## Task goal
The answer must consist only of the lines in the records below from the line with "bedroom featuring high" to the line with "Rose Gold Round", both included, copied word for word with every picture left out.

─── Information shown

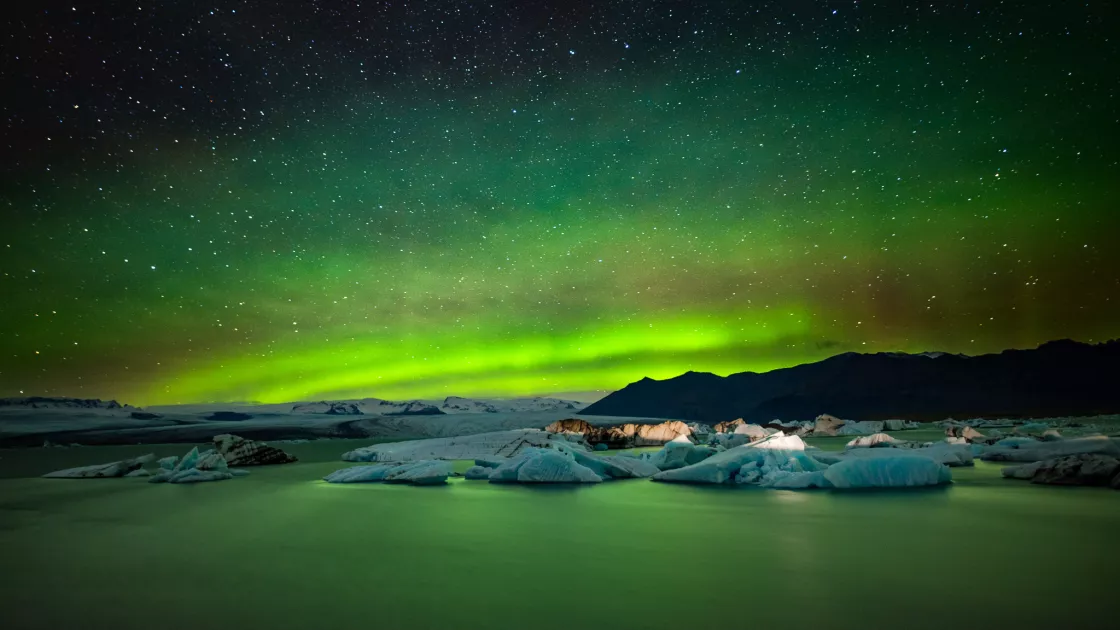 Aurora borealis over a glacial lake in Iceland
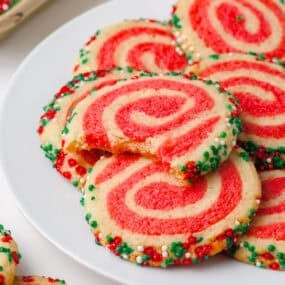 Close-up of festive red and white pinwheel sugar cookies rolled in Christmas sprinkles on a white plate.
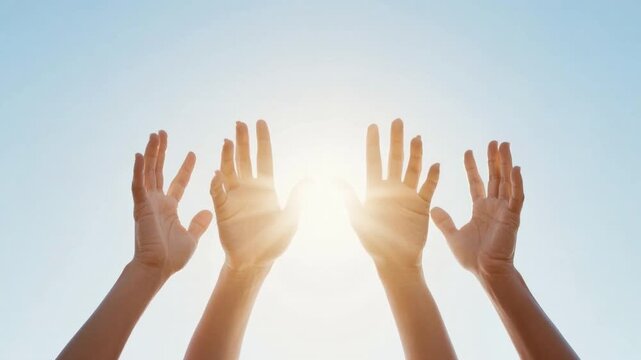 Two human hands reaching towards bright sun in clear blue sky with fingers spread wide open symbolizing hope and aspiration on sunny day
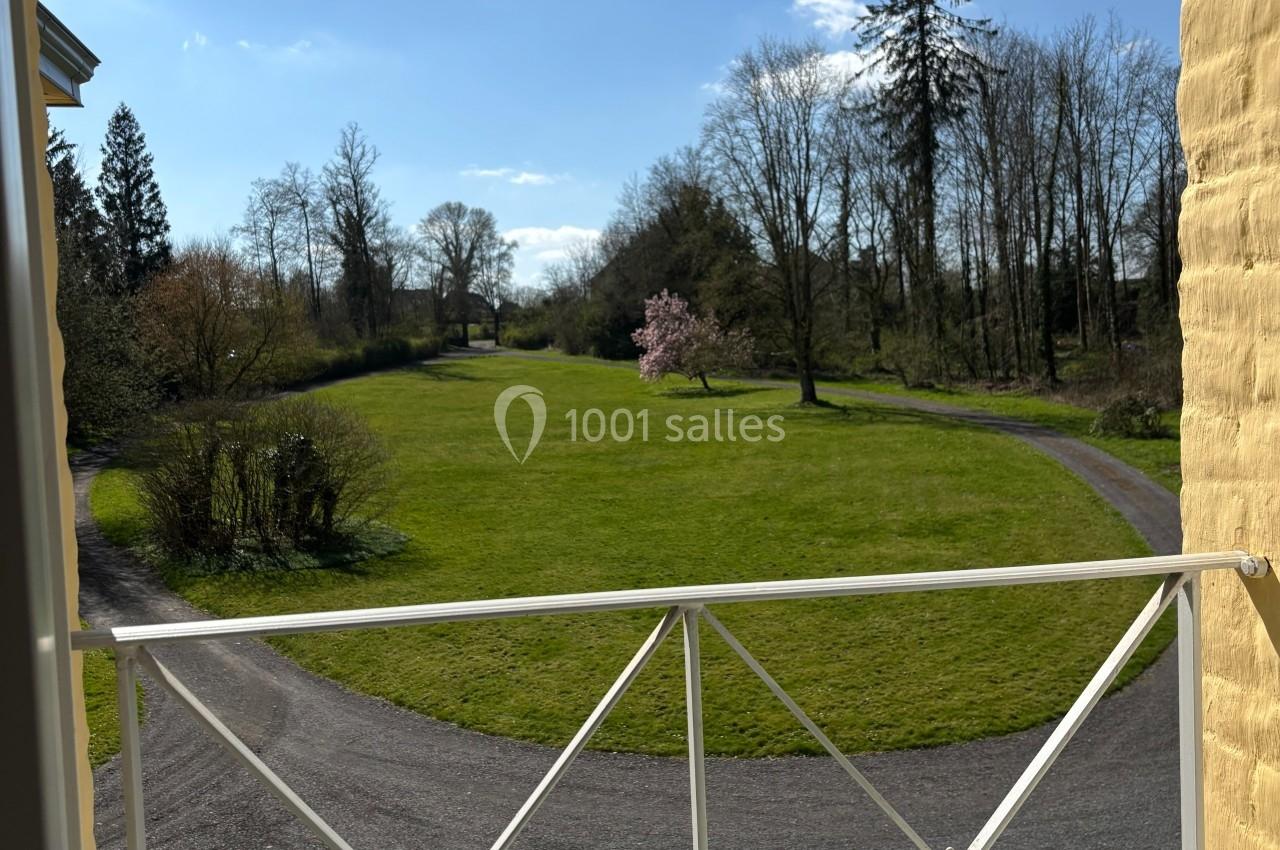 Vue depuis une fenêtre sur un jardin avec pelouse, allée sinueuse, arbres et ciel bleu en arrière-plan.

──────
─── Information shown

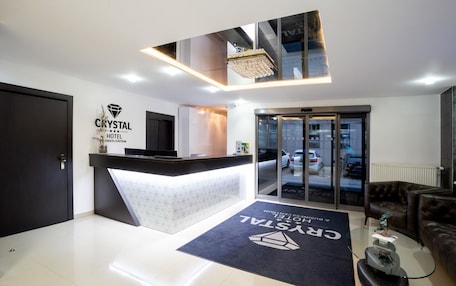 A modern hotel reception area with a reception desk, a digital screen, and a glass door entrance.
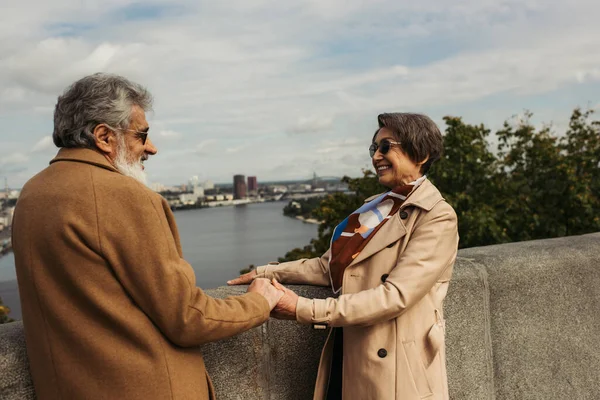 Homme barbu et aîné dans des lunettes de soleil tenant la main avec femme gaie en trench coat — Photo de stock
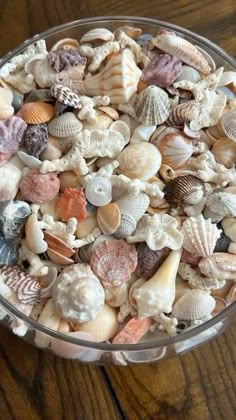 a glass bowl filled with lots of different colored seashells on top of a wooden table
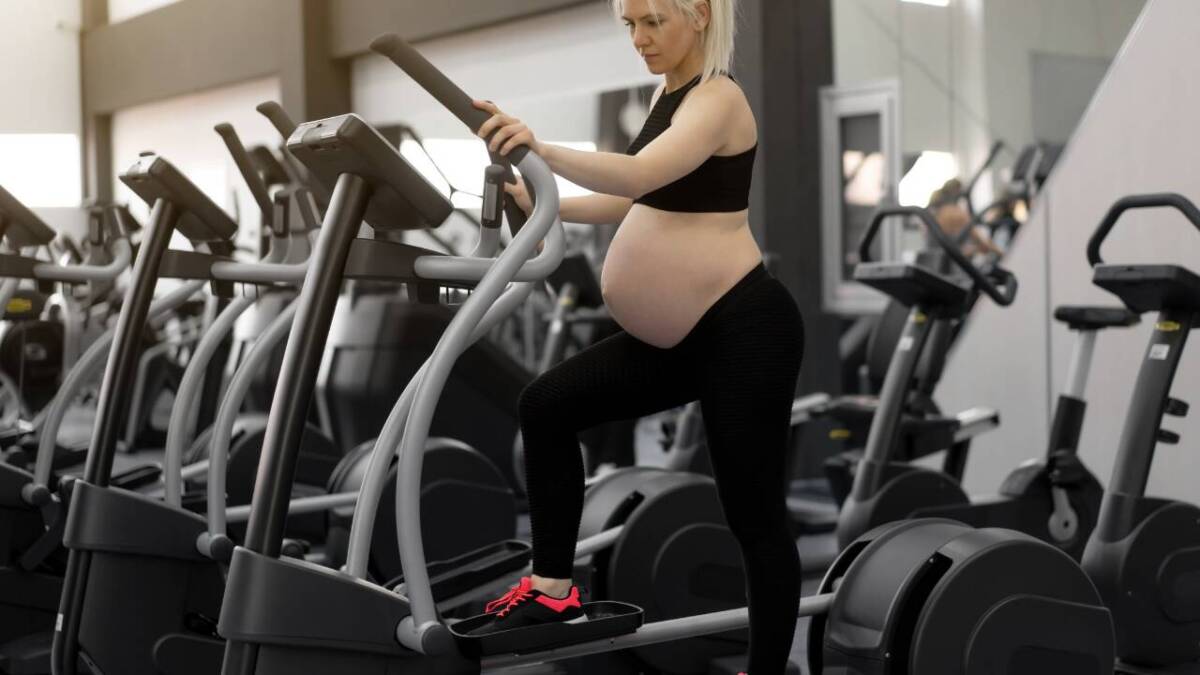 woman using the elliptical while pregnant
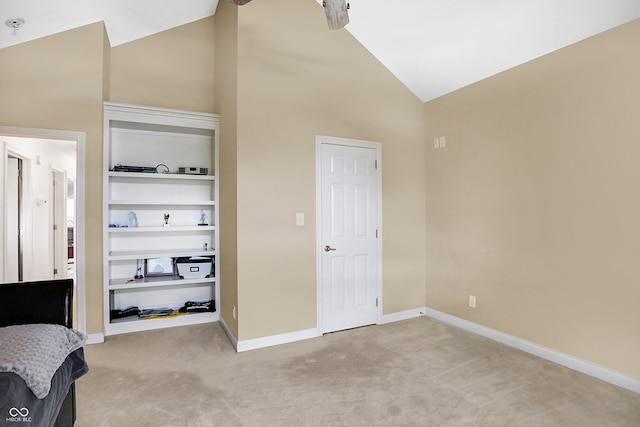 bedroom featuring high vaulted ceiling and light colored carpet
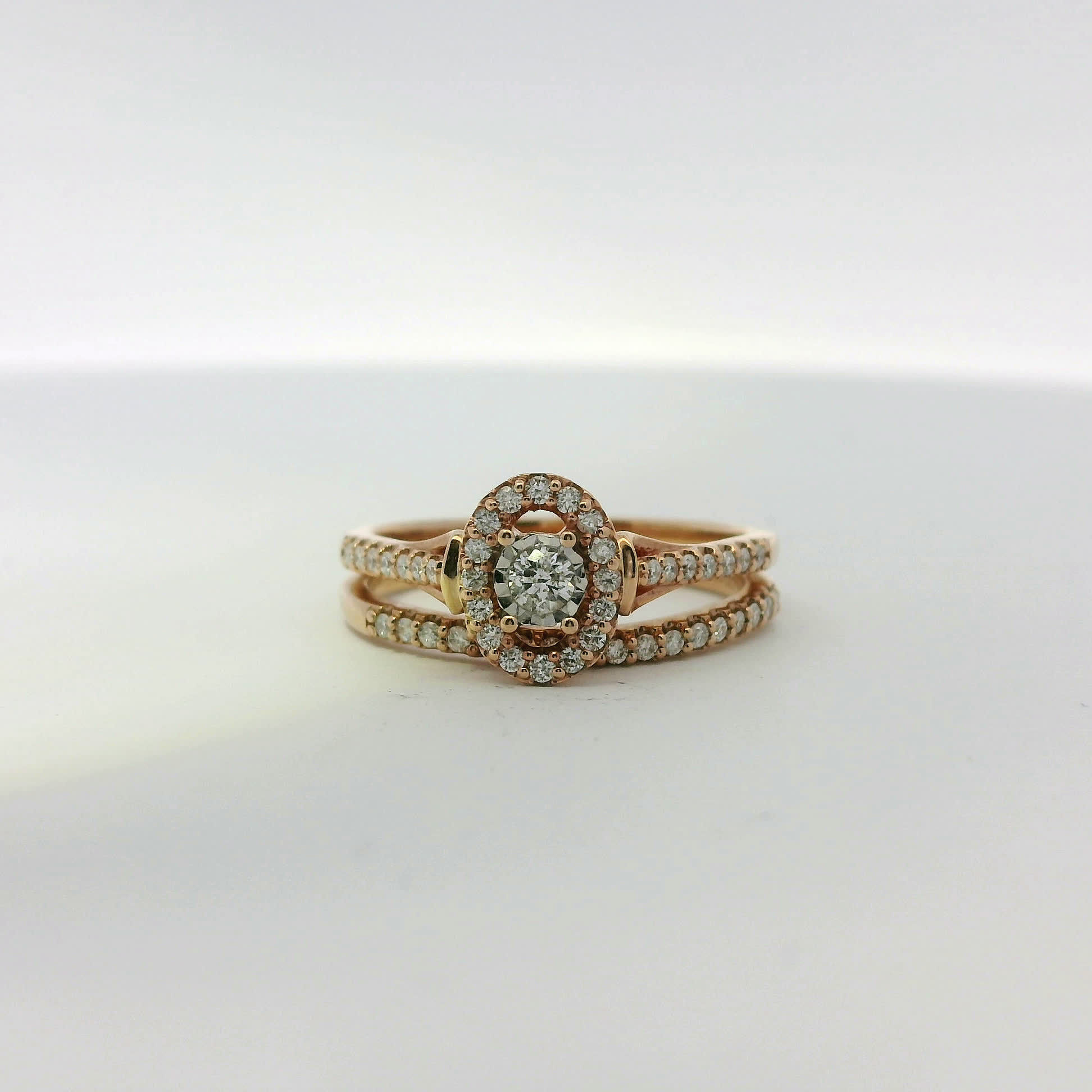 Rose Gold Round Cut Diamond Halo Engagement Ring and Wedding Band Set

──────

## Completed task
 bedroom featuring high vaulted ceiling and light colored carpet
 Rose Gold Round Cut Diamond Halo Engagement Ring and Wedding Band Set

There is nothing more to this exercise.